Chen Xin, Jiang Chunxue, Song Wenliang, Sun Tingting, Yan Jingli, Xu Wei, You Kai
Department of Pediatrics, Shengjing Hospital of China Medical University, Shenyang, China.
Front Immunol. 2024 Dec 10;15:1498066. doi: 10.3389/fimmu.2024.1498066. eCollection 2024.
Mutations in the recombination-activating gene 1, a pivotal component essential for V(D)J recombination and the formation of T- and B-cell receptors, can result in autoimmune hemolytic anemia, a rare hematological condition characterized by the autoantibody-mediated destruction of red blood cells.
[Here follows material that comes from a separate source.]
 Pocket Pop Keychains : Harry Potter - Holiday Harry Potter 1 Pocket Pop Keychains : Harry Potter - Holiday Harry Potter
Herein, we report the case of a 1-year-and-4-month-old girl who presented with progressively aggravated anemia, fever, and cough. Autoimmune hemolytic anemia was confirmed by bone marrow aspiration and Coombs test. During treatment, the patient experienced two episodes of severe pneumonia and respiratory failure. Next-generation metagenomic sequencing of sputum samples confirmed the presence of cytomegalovirus and infections. Additionally, lymphocyte subset analysis revealed a T-B+ immunodeficiency. Whole exome and Sanger sequencing revealed a pathogenic recombinase-activating gene 1 mutation (c.2095C>T, p.Arg699Trp) and a likely pathogenic variant (c.2690G>A, p.Arg897Gln), resulting in a missense mutation in the amino acid sequence of the coding protein. Consequently, the patient was diagnosed with a recombination-activating gene 1 mutation and autoimmune hemolytic anemia as the initial presentation. This study reports a case of a recombination-activating gene 1 mutation in China and documents a combination of mutation sites and associated clinical phenotypes that were previously unreported. In this study, we outline the diverse clinical phenotypes observed in cases of recombination-activating gene 1 mutations presenting with autoimmune hemolytic anemia, aiming to facilitate timely diagnosis and appropriate treatment.
重组激活基因1发生突变,该基因是V(D)J重组以及T细胞和B细胞受体形成所必需的关键成分,可导致自身免疫性溶血性贫血,这是一种罕见的血液疾病,其特征是自身抗体介导的红细胞破坏。在此,我们报告一例1岁4个月大的女童,她出现进行性加重的贫血、发热和咳嗽。骨髓穿刺和库姆斯试验确诊为自身免疫性溶血性贫血。治疗期间,该患者经历了两次严重肺炎和呼吸衰竭。痰标本的二代宏基因组测序证实存在巨细胞病毒和感染。此外,淋巴细胞亚群分析显示T-B+免疫缺陷。全外显子组测序和桑格测序揭示了一个致病的重组酶激活基因1突变(c.2095C>T,p.Arg699Trp)和一个可能致病的变异(c.2690G>A,p.Arg897Gln),导致编码蛋白的氨基酸序列发生错义突变。因此,该患者被诊断为重组激活基因1突变,初始表现为自身免疫性溶血性贫血。本研究报告了中国一例重组激活基因1突变病例,并记录了以前未报告的突变位点和相关临床表型的组合。在本研究中,我们概述了在伴有自身免疫性溶血性贫血的重组激活基因1突变病例中观察到的多种临床表型,旨在促进及时诊断和适当治疗。